#### [Required action]
Return only the lines of the data below from the line with "Chrysler 300 c официальный" up to and including the line with "New York City", exactly as written, with the pictures omitted.

#### [Data shown]
%%
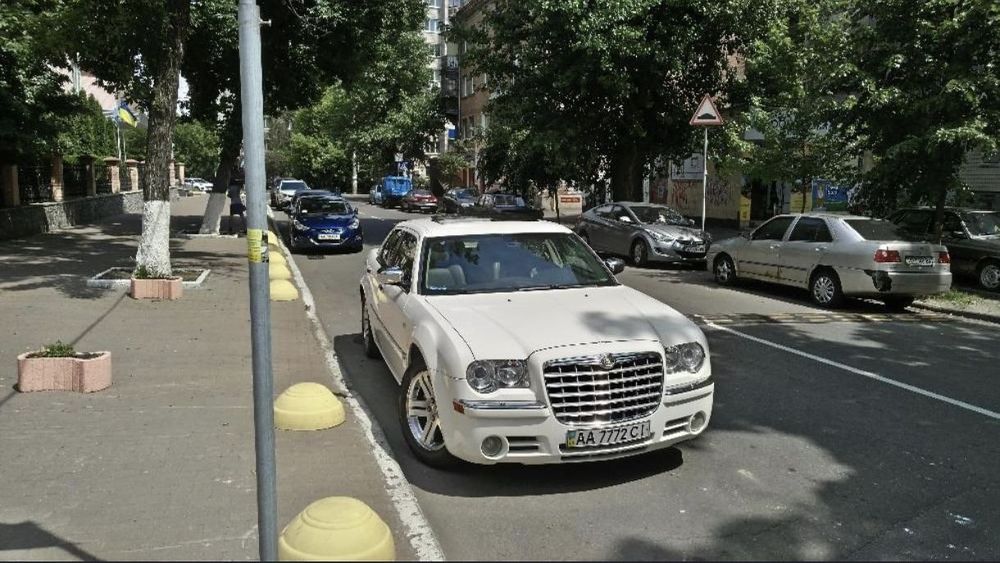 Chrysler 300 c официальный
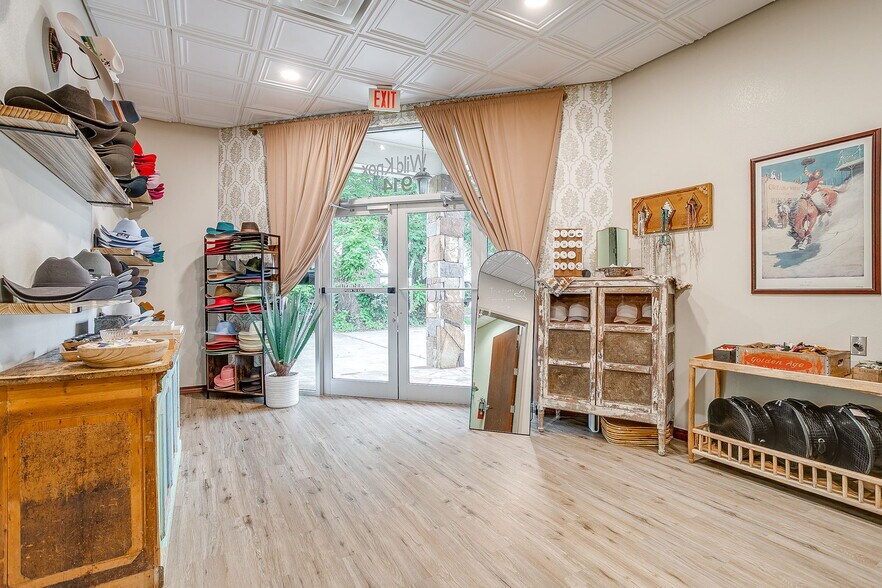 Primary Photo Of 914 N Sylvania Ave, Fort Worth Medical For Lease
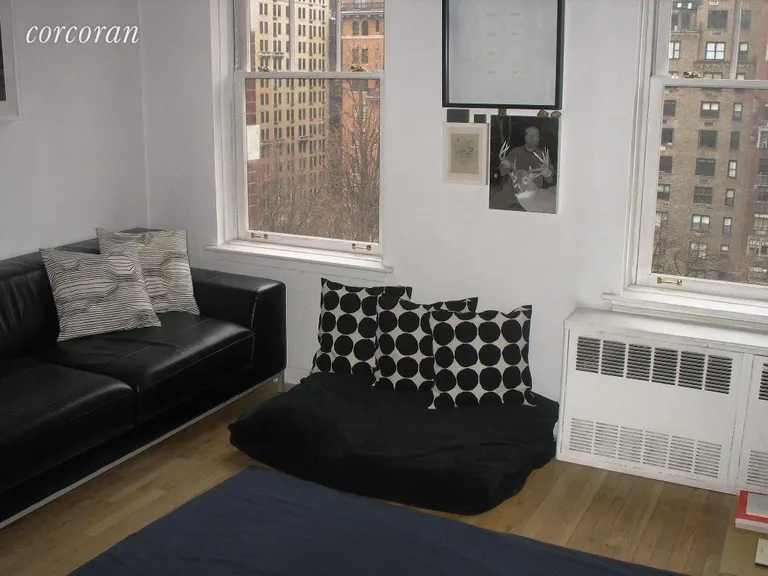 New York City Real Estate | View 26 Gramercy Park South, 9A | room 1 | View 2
%%
%%
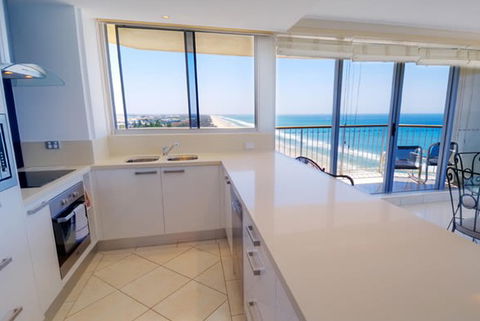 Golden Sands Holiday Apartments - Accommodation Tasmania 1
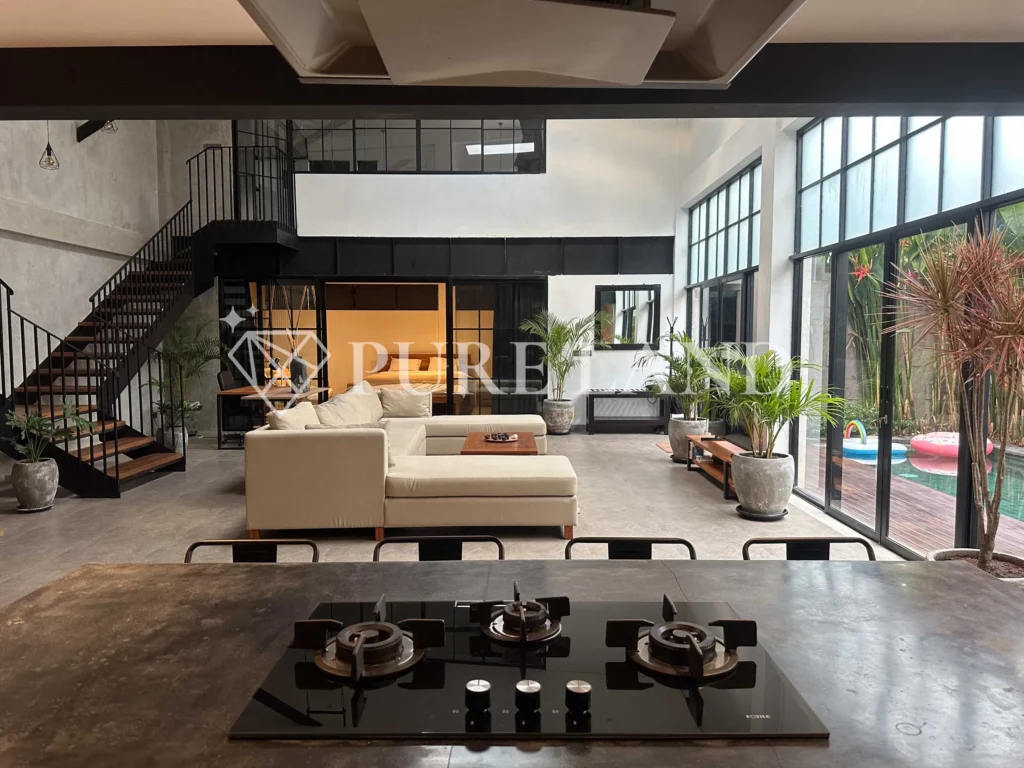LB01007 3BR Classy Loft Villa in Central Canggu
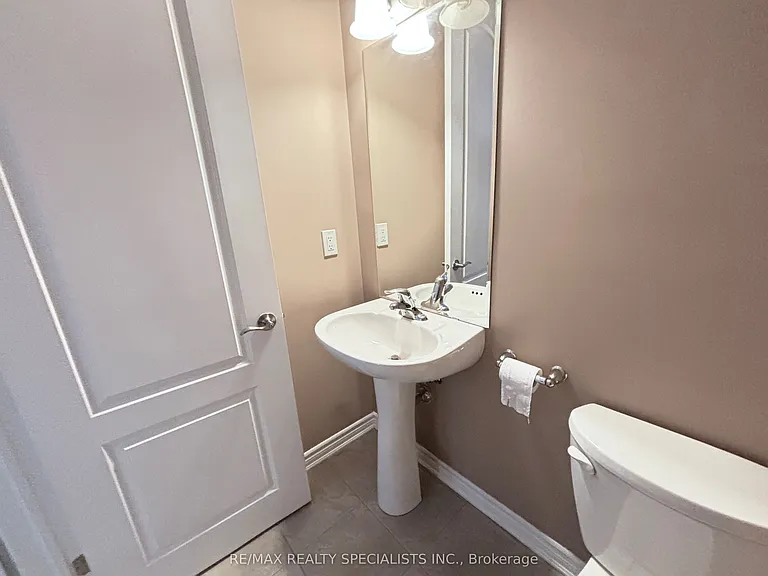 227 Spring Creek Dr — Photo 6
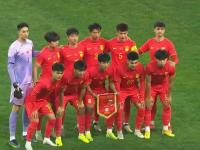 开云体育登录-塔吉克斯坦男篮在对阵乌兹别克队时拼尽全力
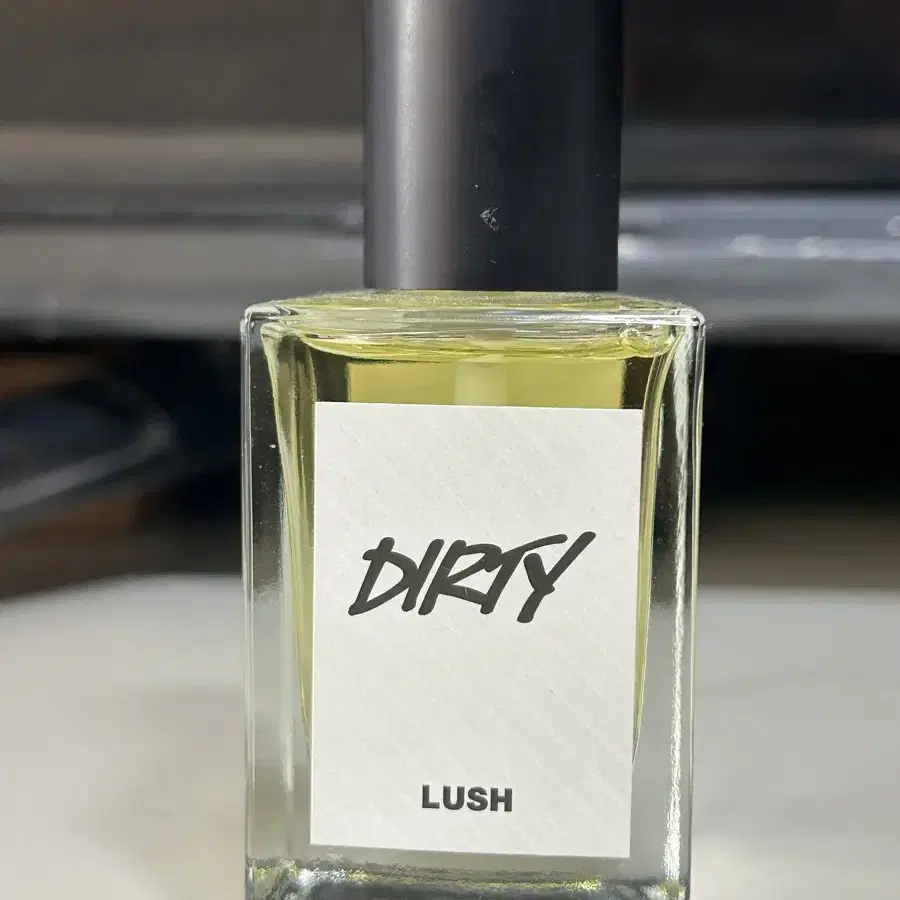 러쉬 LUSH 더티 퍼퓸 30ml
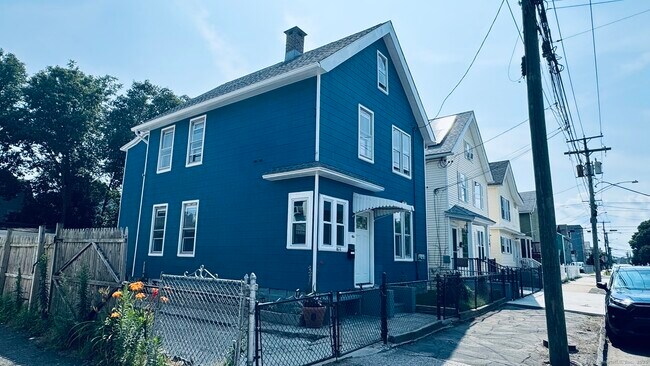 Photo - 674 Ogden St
%%
#### [Result of this exercise]
 Chrysler 300 c официальный
 Primary Photo Of 914 N Sylvania Ave, Fort Worth Medical For Lease
 New York City Real Estate | View 26 Gramercy Park South, 9A | room 1 | View 2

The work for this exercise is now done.